Orateurs
Description
Understanding dark matter halo formation is essential for understanding the formation of galaxies to test our cosmological model.
In the last decades, there has been a continued effort to investigate large-scale structure formation using the LSS surveys and large cosmological simulations.
Despite the success of newly developed simulations to predict halo formation, they usually lack the profound insight that we could get from analytical models. On the other hand, the well-developed analytical models have failed to predict the formation of smallest and largest halos accurately. One of the crucial questions that arise in this field is what are the main features in the early universe that are essential to predict the dark matter halo formation?
We discuss an implementation of a deep learning framework to gain insight into dark matter (DM) structure formation directly from N-body relativistic simulation, gevolution.
We investigate the impact of velocity and density field information on the construction of halo mass function (HMF) through cosmological $N$-body simulations.
We train a Convolutional Neural Network (CNN) on the initial snapshot of an only DM simulation to predict the Halo mass that individual particles fall into at $z=0$, in the halo mass range of $10.5< \log(M / M_{\odot})<14$. Our results show a negligible improvement from including the velocity in addition to the density information when considering simulations based on ($\Lambda$CDM) with the amplitude of initial scalar perturbations $A_s = 2\times10^{-9}$.
To investigate the ellipsoidal collapse models to study the effect of velocity in smaller mass ranges, we increase the initial power spectrum such that we see the effect of velocities in larger halos.

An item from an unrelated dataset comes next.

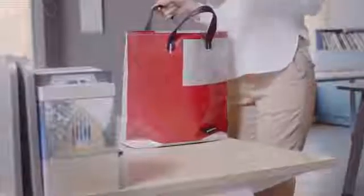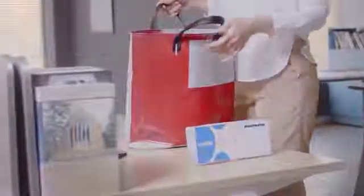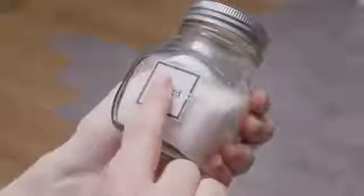The Brailler is portable and easy to carry. It also lets you quickly duplicate labels. Communicate with everyone.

The CNN model trained on the simulation snapshots with large $A_s$ shows a considerable improvement in the HMF prediction when adding the velocity field information. Eventually, for the simulation with $A_s = 8 \times 10^{-8}$, the model trained with only density information shows at least $80\%$ increase in the mean squared error relative to the model with both velocity and density information, which indicates the failure of the density-only model to predict the HMF in this case.
Our results indicate that the effect of the velocity field on the halo collapse is scale-dependent with a negligible effect for the mass scales $10.5 < \log(M/ M_{\odot}) < 14$. The very same machinery can be used to investigate the effect of other phenomena such as neutrino physics on the formation of dark matter halos.